Montag, 23. Mai 2011

Review: Balnasar - Reich der Asche (CD, Schwaerze Productions)

Hier ist sie nun, die neue CD des Duos Balnasar, welche mit gerade einmal vier Titeln mit einer Gesamtlaufzeit von ca. 30 Minuten ein Mini-Album enthält... allerdings ein Mini-Album, was sich in diesem Fall wirklich gewaschen hat.

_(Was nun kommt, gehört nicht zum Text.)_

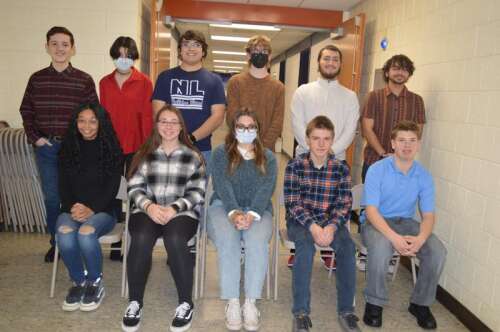 Northern Lehigh students to participate in honors band – Times News Online - Vimarsana News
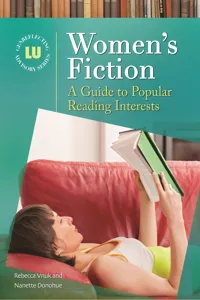 Women's Fiction_cover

Noch großartig viele Worte über die sympathische Band aus Stralsund zu verlieren, wäre wohl überflüssig - frühere Reviews aus meiner Feder bezeugen glaube ich genug, dass die beiden Herren Bavragor und Nosophoros es durchaus verstehen, mich mit ihrer Musik in Balnasar's Bann zu ziehen. Trotzdem, der Vollständigkeit halber hier einmal eine kurze Zusammenfassung der Ereignisse: im Jahre 2008 erschien mit der "Promo" ein erstes Lebenszeichen, kurz darauf folgte dann die erste CD-Veröffentlichung im Rahmen der 4-Wege-Split "Chöre des Niedergangs", dann das erste Album (ebenfalls unter "Schwaerze") und jetzt schließlich diese MCD namens "Reich der Asche".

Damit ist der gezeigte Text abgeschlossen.